The US dollar rose 4.5% in 2016 after Donald Trump won the presidential election. That’s a huge movement for currency. In 2017, however, the Trump trade has been reversing, leading the US dollar to give away most of those gains. One reason is the Fed’s dovishness on further interest rate hikes. Another reason could be doubts over whether Trump will come through on his campaign promises. That’s a particular concern after the proposed health care bill failed to receive enough votes to bring it to a vote in the House.
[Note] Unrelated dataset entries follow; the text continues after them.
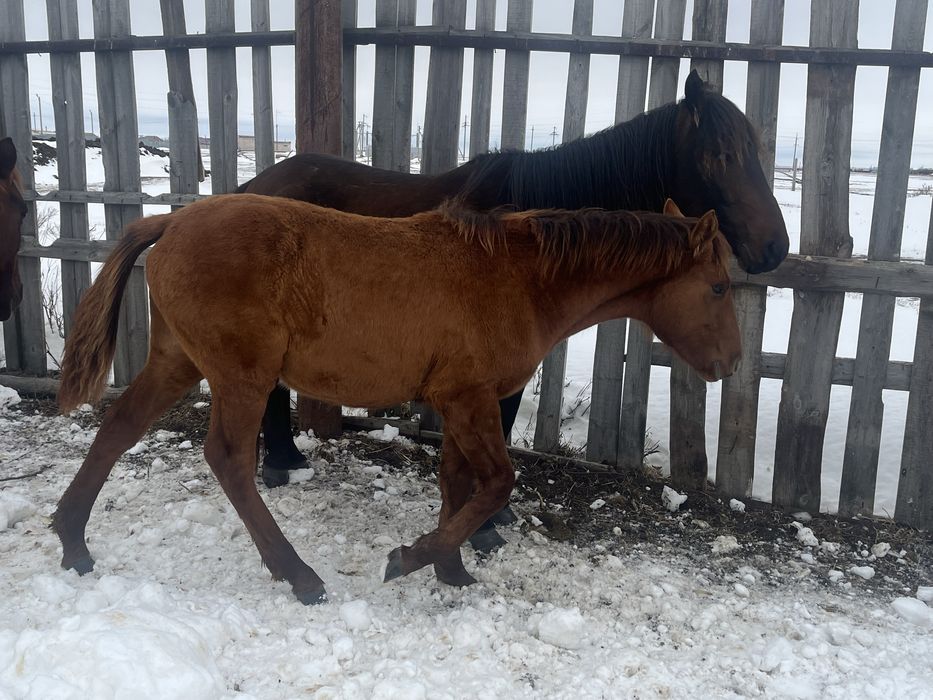 Продам жеребят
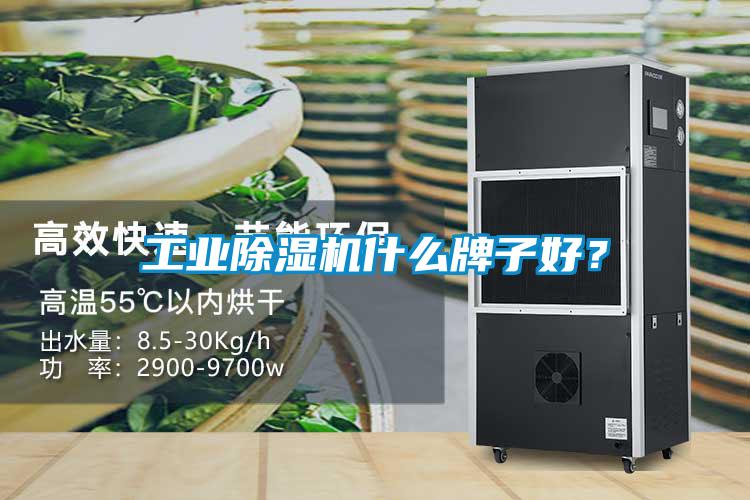 工業除濕機什么牌子好？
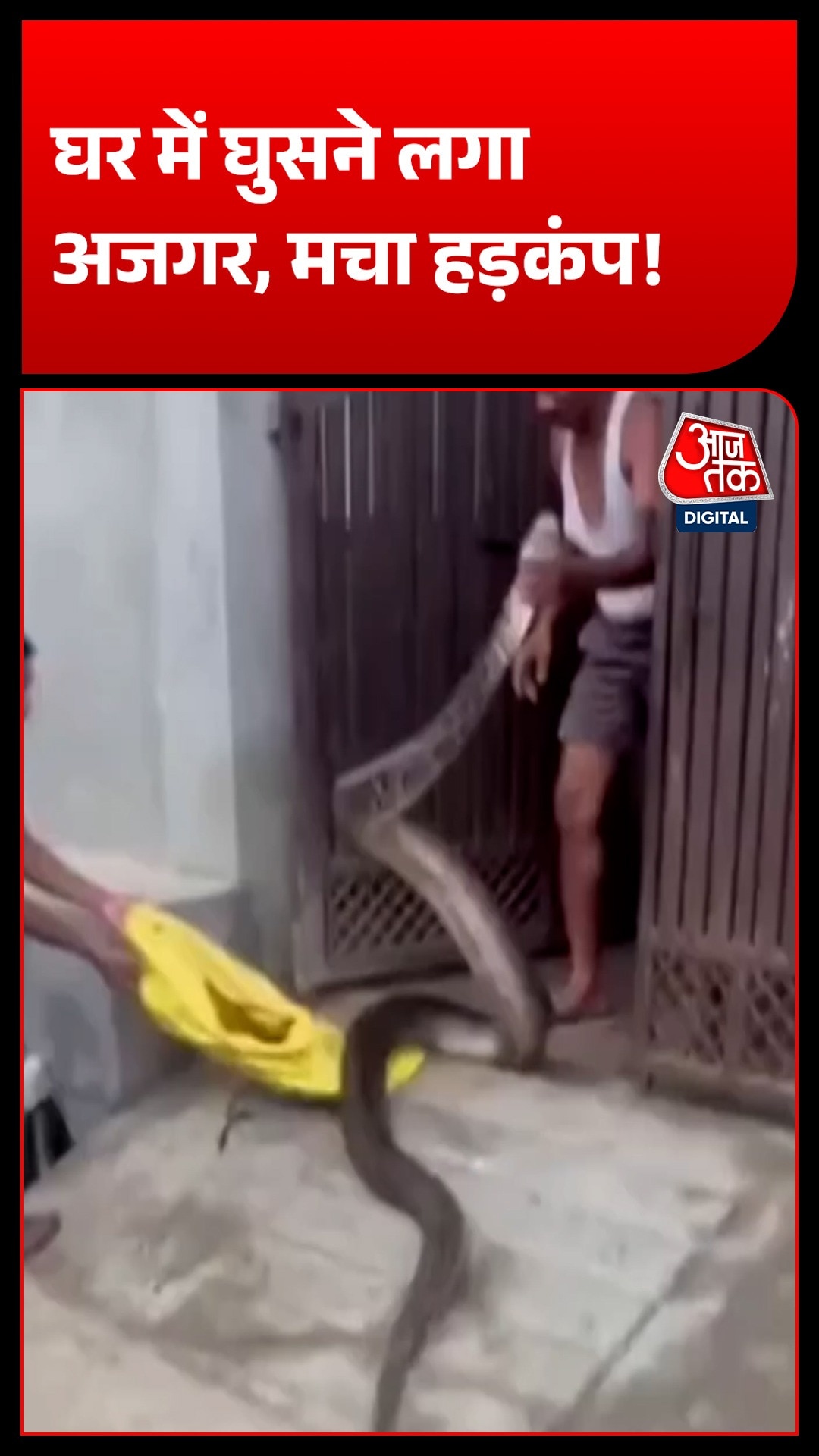 meerut giant python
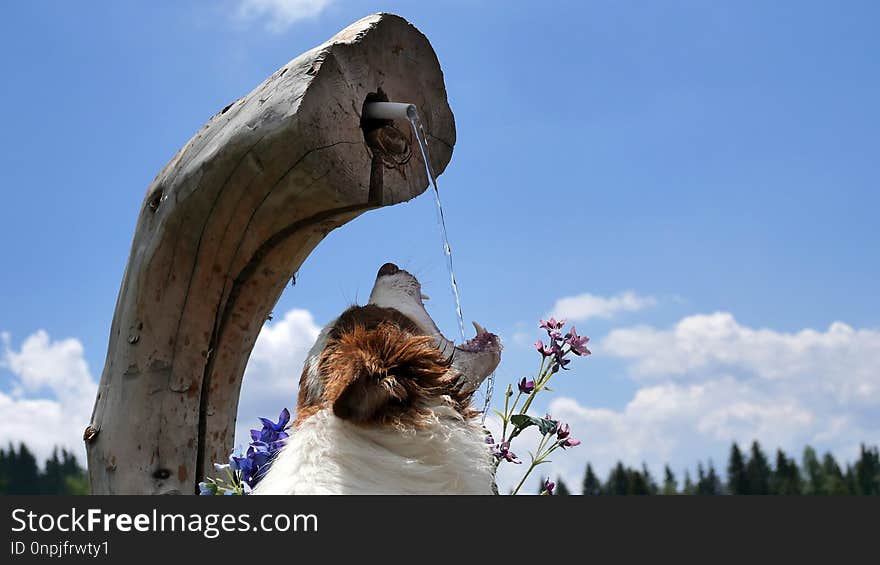 Sky, Tree, Monument, Tourism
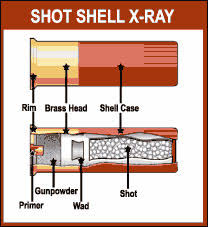 Shotgun Ammunition Shotgun Life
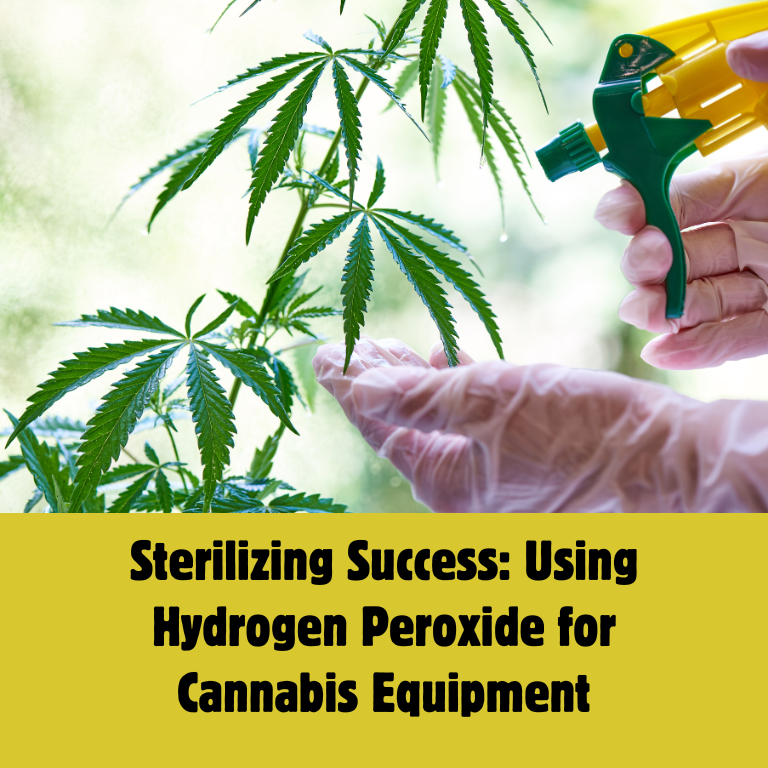 Hydrogen Peroxide: A Key to Clean Cannabis Operations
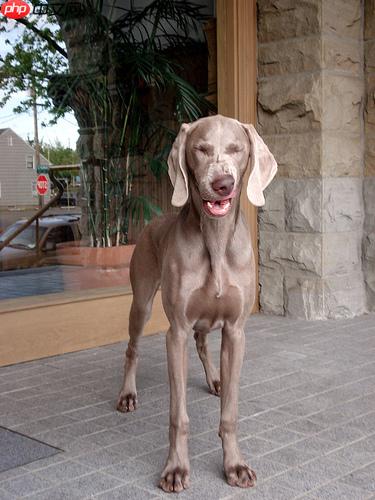 基于PaddlePaddle复现的CycleMLP - php中文网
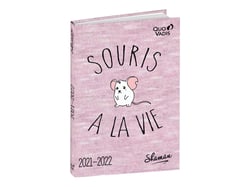 Agenda scolaire journalier 2021/2022 - Shaman souris - 12x17 cm - Quo Vadis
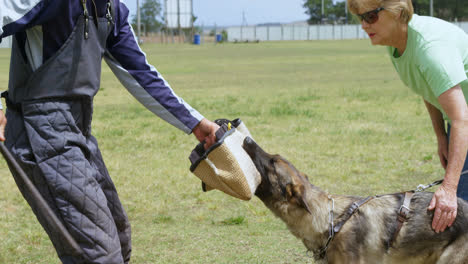 Trainer-training-a-shepherd-dog-in-the-farm-4k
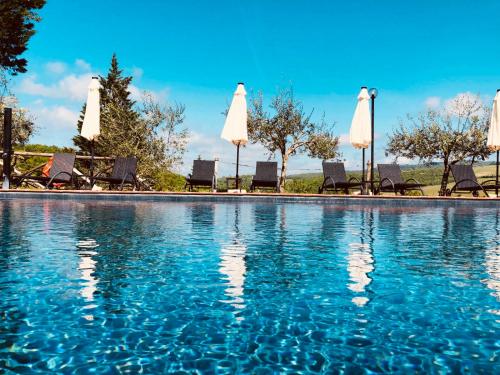 a swimming pool with chairs and white umbrellas at Agriturismo Borgo Il Bonagino in Radda in Chianti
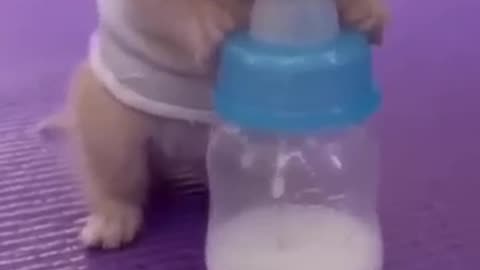 Cute Cat Milk Fiding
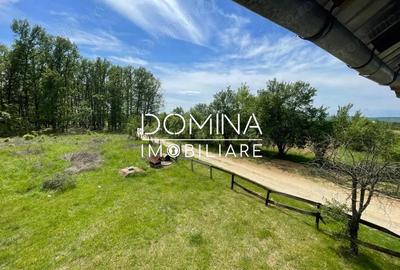 Vanzare teren *oportunitate investi?ie* situat in Carbune?ti-Sat, la DN 67B - 5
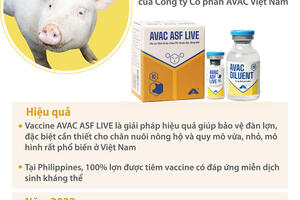 Vaccine dịch tả lợn châu Phi do Việt Nam sản xuất chính thức được xuất khẩu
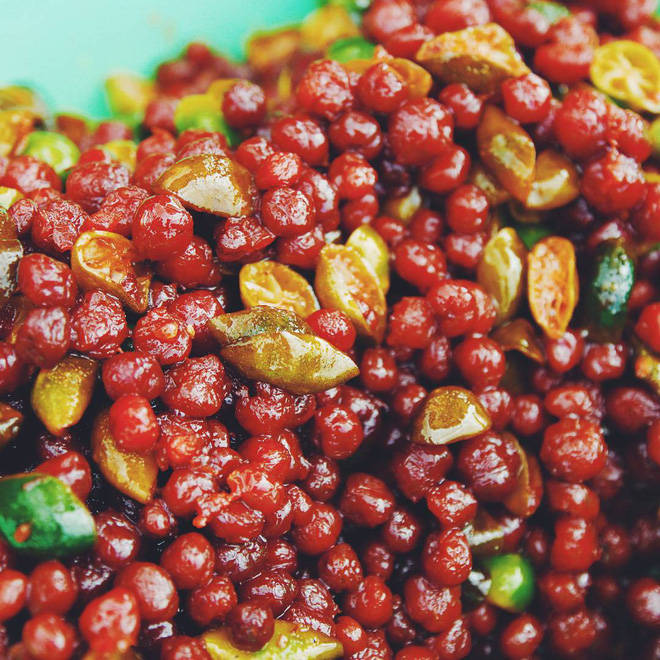 Những loại quả chua dân dã nhưng đã gieo tương tư cho biết bao thế hệ-25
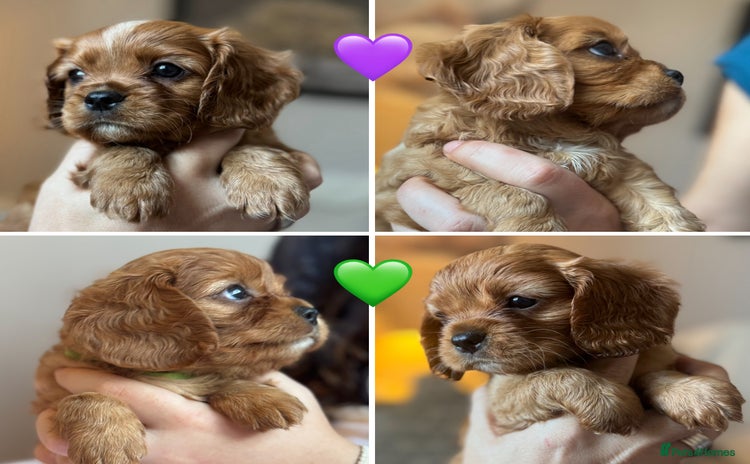 Cavalier King Charles Spaniel dogs - Advert 2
Many investment banks, including HSBC and Citigroup (C), expect the US dollar to strengthen in the short term as the Fed moves ahead to normalize interest rates. HSBC also believes that Republicans could unite when it comes to tax reforms. If Trump is able to instill confidence in the markets that he can convert his agenda into law, the markets would give a loud cheer.
US dollar and gold
Dollar-denominated assets such as gold are influenced by the US dollar’s strength. A strong dollar is negative for gold, and vice versa. Growing strength in the dollar puts pressure on gold prices.
As a result, it’s important to track the dollar’s direction. Doing so can indicate the direction of gold prices (GLD) and the prices of gold-tracking stocks such as Iamgold (IAG), AngloGold Ashanti (AU), Gold Fields (GFI), and Agnico Eagle Mines (AEM).
The US dollar also influences funds such as the VanEck Vectors Gold Miners ETF (GDX). Together, the three companies mentioned above make up 11.9% of GDX’s holdings.